ACTIVITY:
Print exactly what the entries say, line by line, from the first line down to the one with "6mm Acrylic Cube", inclusive.

┏━━

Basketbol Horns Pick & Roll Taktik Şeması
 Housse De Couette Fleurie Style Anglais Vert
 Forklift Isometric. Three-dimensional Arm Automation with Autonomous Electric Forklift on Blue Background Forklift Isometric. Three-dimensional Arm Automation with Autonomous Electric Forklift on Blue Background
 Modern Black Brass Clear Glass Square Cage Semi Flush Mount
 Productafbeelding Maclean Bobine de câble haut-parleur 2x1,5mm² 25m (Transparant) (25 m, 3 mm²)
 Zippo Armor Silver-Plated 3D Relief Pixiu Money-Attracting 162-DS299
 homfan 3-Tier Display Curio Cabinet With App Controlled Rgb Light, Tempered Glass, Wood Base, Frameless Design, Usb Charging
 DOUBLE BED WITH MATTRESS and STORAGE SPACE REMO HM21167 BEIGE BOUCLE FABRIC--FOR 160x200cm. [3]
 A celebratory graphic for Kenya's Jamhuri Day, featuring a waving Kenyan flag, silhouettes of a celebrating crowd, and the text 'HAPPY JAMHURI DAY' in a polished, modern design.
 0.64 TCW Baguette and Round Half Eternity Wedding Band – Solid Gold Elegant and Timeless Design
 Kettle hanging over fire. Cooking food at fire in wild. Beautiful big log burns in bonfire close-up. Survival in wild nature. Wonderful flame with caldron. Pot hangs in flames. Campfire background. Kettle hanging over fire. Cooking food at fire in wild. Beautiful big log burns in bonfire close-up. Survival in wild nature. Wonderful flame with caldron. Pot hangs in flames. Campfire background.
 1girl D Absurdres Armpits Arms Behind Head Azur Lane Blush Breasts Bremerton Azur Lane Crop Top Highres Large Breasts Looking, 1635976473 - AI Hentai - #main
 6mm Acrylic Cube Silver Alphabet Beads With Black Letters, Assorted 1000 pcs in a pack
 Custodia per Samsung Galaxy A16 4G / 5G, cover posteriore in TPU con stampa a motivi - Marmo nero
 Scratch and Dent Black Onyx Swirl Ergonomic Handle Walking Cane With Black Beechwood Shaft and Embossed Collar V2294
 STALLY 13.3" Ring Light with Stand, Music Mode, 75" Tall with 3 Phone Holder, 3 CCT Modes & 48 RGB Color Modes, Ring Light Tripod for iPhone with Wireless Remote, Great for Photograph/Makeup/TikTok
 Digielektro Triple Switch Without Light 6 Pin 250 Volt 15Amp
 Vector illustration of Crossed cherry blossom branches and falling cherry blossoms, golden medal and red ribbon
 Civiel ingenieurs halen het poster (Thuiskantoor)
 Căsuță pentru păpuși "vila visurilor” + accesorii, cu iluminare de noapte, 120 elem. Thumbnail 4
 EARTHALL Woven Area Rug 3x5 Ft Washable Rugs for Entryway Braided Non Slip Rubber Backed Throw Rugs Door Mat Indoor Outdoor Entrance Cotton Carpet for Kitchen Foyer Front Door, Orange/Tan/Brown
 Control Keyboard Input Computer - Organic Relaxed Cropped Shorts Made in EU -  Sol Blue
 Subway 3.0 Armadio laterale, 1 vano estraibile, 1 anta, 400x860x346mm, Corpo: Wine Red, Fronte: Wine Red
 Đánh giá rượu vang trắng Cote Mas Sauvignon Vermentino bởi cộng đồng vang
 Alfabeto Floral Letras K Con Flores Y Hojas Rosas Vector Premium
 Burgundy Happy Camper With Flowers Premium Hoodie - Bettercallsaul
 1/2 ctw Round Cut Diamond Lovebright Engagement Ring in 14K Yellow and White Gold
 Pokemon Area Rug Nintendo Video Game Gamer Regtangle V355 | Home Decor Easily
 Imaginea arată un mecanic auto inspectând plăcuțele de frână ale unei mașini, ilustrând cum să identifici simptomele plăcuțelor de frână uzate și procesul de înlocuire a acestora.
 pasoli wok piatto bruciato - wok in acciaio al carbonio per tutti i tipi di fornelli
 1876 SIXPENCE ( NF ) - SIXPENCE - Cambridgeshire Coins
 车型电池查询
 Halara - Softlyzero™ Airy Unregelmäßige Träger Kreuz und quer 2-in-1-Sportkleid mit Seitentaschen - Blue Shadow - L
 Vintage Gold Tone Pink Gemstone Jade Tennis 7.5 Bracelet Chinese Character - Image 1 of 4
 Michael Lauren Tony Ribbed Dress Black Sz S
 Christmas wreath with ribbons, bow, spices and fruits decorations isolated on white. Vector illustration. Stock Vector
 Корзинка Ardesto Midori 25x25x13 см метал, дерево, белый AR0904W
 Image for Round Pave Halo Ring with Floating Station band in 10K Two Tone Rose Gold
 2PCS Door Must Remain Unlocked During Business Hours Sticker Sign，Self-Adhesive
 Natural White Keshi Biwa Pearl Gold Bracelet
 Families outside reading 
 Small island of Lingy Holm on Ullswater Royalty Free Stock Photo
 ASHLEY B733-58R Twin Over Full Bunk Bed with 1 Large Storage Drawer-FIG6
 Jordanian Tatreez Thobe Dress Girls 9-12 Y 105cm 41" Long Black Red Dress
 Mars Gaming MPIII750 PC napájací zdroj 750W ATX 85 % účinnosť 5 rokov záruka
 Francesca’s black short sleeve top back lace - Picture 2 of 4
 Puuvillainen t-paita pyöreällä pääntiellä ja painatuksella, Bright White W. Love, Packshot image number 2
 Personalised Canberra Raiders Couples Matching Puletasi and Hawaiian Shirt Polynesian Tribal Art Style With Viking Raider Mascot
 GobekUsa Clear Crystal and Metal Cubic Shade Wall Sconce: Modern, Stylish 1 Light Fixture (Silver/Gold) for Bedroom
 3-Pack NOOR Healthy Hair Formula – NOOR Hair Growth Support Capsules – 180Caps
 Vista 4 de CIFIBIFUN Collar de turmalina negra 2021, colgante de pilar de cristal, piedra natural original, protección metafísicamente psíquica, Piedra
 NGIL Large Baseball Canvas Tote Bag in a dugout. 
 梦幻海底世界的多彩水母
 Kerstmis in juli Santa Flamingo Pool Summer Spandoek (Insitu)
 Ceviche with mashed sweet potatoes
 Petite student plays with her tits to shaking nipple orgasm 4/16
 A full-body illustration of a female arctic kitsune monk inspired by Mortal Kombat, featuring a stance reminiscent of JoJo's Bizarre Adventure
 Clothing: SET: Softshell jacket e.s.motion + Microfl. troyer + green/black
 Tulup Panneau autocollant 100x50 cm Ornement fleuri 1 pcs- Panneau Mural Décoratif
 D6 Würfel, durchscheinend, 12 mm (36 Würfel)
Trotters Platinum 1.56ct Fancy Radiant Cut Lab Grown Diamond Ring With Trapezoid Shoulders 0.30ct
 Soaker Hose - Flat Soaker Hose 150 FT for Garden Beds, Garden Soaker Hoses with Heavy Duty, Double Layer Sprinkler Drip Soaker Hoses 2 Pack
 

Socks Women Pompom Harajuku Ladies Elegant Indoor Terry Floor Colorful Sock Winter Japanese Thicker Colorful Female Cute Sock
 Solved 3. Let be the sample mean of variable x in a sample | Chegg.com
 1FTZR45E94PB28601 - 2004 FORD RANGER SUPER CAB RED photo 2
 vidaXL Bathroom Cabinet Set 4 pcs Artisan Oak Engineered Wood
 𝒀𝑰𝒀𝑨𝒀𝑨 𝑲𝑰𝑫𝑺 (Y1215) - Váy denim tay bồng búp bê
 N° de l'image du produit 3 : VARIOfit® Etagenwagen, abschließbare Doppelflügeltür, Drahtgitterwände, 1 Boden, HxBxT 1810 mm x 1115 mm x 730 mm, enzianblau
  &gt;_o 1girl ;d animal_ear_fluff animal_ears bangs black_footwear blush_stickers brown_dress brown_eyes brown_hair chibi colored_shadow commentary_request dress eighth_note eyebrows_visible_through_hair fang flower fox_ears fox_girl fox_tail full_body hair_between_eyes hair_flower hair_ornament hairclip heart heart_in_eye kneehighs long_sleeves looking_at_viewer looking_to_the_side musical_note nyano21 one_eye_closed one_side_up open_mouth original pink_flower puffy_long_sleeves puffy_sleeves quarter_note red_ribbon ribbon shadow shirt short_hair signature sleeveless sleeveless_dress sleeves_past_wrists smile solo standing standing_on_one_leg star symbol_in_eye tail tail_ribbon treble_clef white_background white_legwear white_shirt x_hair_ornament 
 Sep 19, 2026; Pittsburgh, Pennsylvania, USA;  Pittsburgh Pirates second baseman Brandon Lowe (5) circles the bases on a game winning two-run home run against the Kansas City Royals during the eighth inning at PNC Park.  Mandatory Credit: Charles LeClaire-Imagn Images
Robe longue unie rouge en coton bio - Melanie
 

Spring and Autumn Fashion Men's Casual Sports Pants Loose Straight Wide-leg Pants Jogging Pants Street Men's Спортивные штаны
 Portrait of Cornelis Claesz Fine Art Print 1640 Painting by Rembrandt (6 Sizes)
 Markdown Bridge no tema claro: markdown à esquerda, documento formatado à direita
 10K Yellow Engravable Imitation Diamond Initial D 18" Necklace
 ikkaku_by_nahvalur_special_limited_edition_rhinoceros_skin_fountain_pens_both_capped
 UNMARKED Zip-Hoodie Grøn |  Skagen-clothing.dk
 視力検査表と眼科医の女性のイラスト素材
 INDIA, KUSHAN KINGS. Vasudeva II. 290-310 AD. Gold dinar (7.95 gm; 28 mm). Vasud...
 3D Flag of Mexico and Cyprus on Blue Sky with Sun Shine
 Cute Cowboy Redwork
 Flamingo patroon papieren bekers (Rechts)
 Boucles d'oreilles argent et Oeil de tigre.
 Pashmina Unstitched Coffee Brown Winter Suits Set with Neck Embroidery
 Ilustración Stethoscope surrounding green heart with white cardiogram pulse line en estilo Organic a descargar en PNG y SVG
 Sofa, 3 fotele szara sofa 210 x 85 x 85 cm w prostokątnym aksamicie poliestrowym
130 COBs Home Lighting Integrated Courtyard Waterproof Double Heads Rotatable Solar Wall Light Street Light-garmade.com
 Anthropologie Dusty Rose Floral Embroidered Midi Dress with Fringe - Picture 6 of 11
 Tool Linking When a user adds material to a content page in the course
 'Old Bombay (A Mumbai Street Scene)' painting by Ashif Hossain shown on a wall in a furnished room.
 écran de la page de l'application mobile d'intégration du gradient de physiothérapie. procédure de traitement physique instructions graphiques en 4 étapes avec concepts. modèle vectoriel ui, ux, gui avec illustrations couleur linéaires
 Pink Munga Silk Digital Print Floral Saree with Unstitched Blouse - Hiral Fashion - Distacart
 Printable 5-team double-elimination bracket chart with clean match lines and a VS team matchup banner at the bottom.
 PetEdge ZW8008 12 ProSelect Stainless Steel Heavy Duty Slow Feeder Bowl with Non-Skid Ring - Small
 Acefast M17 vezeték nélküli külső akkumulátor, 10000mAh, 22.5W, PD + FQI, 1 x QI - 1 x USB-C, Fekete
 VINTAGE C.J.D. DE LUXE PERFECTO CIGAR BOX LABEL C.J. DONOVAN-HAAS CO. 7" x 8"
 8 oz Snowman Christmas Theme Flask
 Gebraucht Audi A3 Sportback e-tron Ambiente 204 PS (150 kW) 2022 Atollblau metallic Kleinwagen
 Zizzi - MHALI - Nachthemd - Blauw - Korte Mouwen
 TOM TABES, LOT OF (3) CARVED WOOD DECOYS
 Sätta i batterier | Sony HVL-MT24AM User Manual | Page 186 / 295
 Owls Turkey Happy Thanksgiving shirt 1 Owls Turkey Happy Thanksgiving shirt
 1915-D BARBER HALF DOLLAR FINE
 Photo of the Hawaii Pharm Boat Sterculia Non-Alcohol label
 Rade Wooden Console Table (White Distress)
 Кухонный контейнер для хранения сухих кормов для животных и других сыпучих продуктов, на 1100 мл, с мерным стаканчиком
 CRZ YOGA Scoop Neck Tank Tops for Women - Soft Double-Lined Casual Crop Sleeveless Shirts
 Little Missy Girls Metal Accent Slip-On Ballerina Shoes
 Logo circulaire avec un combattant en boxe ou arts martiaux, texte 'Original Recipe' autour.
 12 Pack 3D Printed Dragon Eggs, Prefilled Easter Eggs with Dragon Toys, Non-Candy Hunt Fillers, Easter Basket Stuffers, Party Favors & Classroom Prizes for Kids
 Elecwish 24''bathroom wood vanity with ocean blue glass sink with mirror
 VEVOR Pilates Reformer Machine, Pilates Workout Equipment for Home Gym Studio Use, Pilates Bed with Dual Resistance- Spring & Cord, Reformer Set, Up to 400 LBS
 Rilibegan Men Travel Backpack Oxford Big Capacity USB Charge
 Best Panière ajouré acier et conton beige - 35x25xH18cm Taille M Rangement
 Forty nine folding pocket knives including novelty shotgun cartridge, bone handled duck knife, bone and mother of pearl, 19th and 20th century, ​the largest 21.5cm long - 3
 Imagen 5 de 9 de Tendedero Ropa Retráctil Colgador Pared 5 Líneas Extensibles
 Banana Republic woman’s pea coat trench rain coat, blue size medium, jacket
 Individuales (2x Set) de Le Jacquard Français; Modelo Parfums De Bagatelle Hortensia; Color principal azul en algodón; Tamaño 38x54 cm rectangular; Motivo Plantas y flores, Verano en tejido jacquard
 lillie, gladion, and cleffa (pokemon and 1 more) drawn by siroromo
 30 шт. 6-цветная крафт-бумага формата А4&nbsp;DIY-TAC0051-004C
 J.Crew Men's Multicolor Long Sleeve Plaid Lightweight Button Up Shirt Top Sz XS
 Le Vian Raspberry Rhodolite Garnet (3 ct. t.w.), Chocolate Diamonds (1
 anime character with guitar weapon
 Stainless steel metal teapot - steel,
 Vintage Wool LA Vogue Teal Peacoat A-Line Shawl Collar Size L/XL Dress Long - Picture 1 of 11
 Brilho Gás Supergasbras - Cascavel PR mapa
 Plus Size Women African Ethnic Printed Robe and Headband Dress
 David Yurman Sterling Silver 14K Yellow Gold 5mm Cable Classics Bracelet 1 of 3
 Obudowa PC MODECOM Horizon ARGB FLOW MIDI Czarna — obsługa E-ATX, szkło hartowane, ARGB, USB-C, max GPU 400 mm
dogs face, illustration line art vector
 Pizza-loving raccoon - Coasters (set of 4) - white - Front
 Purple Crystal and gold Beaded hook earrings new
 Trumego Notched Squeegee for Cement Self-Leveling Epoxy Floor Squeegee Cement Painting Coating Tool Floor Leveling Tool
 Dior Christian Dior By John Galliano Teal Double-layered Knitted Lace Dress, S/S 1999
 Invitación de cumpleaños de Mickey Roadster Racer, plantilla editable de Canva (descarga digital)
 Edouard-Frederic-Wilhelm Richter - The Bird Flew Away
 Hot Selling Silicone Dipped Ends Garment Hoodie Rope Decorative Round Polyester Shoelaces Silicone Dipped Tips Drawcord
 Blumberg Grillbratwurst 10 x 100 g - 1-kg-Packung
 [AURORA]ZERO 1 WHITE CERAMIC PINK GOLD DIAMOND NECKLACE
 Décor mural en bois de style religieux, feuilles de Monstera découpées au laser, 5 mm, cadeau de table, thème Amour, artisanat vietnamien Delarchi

┗━━

SOLUTION TO THIS TASK:
Basketbol Horns Pick & Roll Taktik Şeması
 Housse De Couette Fleurie Style Anglais Vert
 Forklift Isometric. Three-dimensional Arm Automation with Autonomous Electric Forklift on Blue Background Forklift Isometric. Three-dimensional Arm Automation with Autonomous Electric Forklift on Blue Background
 Modern Black Brass Clear Glass Square Cage Semi Flush Mount
 Productafbeelding Maclean Bobine de câble haut-parleur 2x1,5mm² 25m (Transparant) (25 m, 3 mm²)
 Zippo Armor Silver-Plated 3D Relief Pixiu Money-Attracting 162-DS299
 homfan 3-Tier Display Curio Cabinet With App Controlled Rgb Light, Tempered Glass, Wood Base, Frameless Design, Usb Charging
 DOUBLE BED WITH MATTRESS and STORAGE SPACE REMO HM21167 BEIGE BOUCLE FABRIC--FOR 160x200cm. [3]
 A celebratory graphic for Kenya's Jamhuri Day, featuring a waving Kenyan flag, silhouettes of a celebrating crowd, and the text 'HAPPY JAMHURI DAY' in a polished, modern design.
 0.64 TCW Baguette and Round Half Eternity Wedding Band – Solid Gold Elegant and Timeless Design
 Kettle hanging over fire. Cooking food at fire in wild. Beautiful big log burns in bonfire close-up. Survival in wild nature. Wonderful flame with caldron. Pot hangs in flames. Campfire background. Kettle hanging over fire. Cooking food at fire in wild. Beautiful big log burns in bonfire close-up. Survival in wild nature. Wonderful flame with caldron. Pot hangs in flames. Campfire background.
 1girl D Absurdres Armpits Arms Behind Head Azur Lane Blush Breasts Bremerton Azur Lane Crop Top Highres Large Breasts Looking, 1635976473 - AI Hentai - #main
 6mm Acrylic Cube Silver Alphabet Beads With Black Letters, Assorted 1000 pcs in a pack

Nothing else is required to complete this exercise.